Page MenuHomePhabricator

Wikidata maxlag repeatedly over 5s since Jan 20, 2020 (primarily caused by the query service)
Closed, ResolvedPublic

Description

Since Jan 20, 2020 the wikidata-queryservice lag is repeatedly climbing over 5s, as shown in https://grafana.wikimedia.org/d/000000156/wikidata-dispatch?orgId=1&refresh=1m&fullscreen&panelId=22&from=now-7d&to=now

This delays bot runs, making their duration impredictible, which in turn makes interactive runs very hard, if not impossible

Event Timeline

There are a very large number of changes, so older changes are hidden. Show Older Changes

Over the past weeks, we noticed a huge increase of content in Wikidata. Maybe that's something worth looking at?

Over the past weeks, we noticed a huge increase of content in Wikidata. Maybe that's something worth looking at?

Wikidata content is growing at a fast and steady pace and has been for a few years now. For the last few months it's been expanding at a rate of around 3,500,000 new pages per month. So that seems unlikely to be connected.

While I understand the need of "slowing bot edits" in case of lag, I can see a problem making MW api and WDQS equivalent in SLA at the moment.

I wonder if it would make sense to ignore query service lag on GET requests? Those requests shouldn’t put any kind of load on the query service, after all.

That resonates with me. As a bot operator I totally understand and expect that my edits might be throttled. However, it is super painful for read-only workflows, like the one I describe in T244030: all I want is read one wikipage, which can result in a 30min wait time − as it’s 'interactive', it makes for a very poor user experience.

Over the past weeks, we noticed a huge increase of content in Wikidata. Maybe that's something worth looking at?

Wikidata content is growing at a fast and steady pace and has been for a few years now. For the last few months it's been expanding at a rate of around 3,500,000 new pages per month. So that seems unlikely to be connected.

That rate is a lot higher than it was for the first 7 months of 2019, at close to or less than 1 million/month, so it could be related. But given the existing size of Wikidata, I'd call it a moderate increase, not a "huge increase", unless it's much bigger in some other metric than just number of items?

On the question of GET:

In T243701#5834792, @Lucas_Werkmeister_WMDE wrote:
I wonder if it would make sense to ignore query service lag on GET requests? Those requests shouldn’t put any kind of load on the query service, after all.

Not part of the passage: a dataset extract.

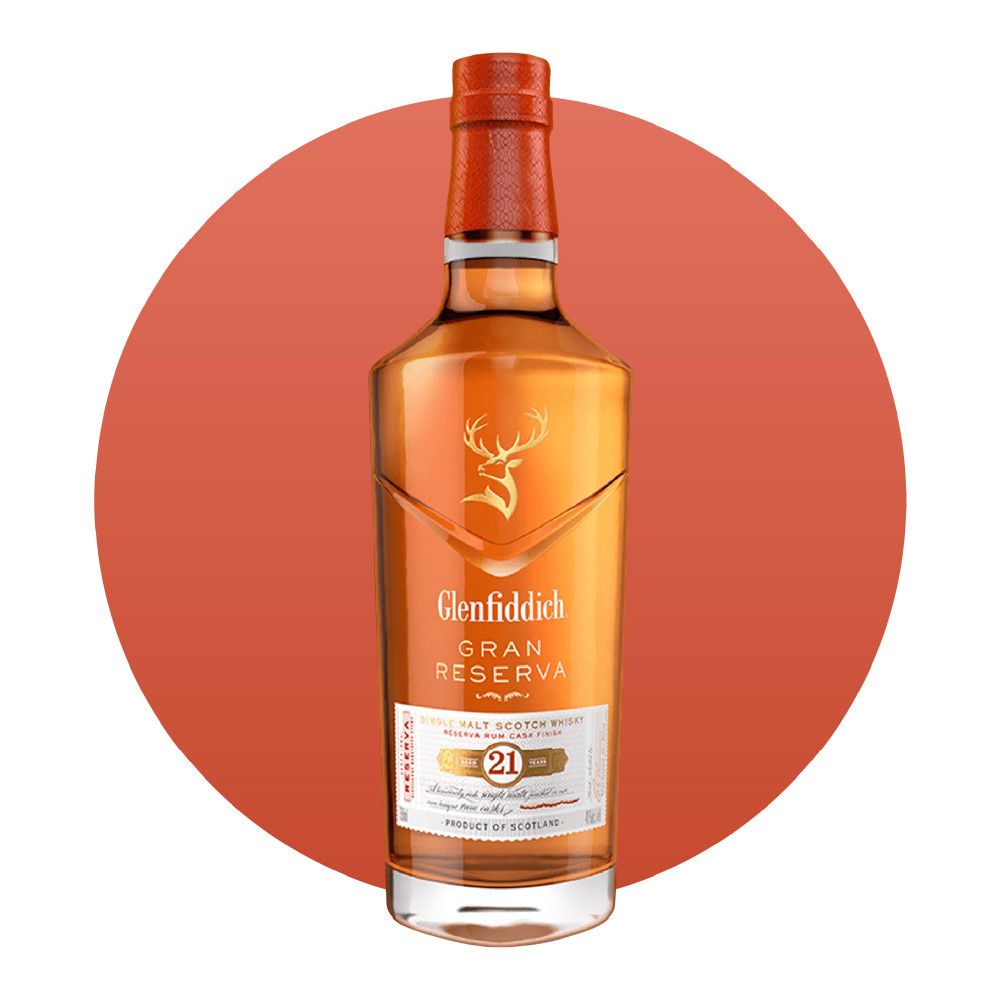 Send Glenfiddich 21 Year Scotch Whisky Online!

Is the idea here to split the "lag" parameter into separate ones for GET's and edit's? That makes a lot of sense to me...

Legoktm raised the priority of this task from Medium to High.Feb 9 2020, 7:55 AM
Legoktm subscribed.

maxlag is intended to tell fully-automated bots to backoff to help servers recover in times of excess lag, and the recommended setting is maxlag=5. If the server is constantly at maxlag of >=5, then it defeats the point because bot owners will (rightly) ignore maxlag. Either the lag in WDQS needs to be fixed, or we need to introduce some scaling factor in Wikibase so that lag is usually under 5s like we have for the job queue.

Either the lag in WDQS needs to be fixed, or we need to introduce some scaling factor in Wikibase so that lag is usually under 5s like we have for the job queue.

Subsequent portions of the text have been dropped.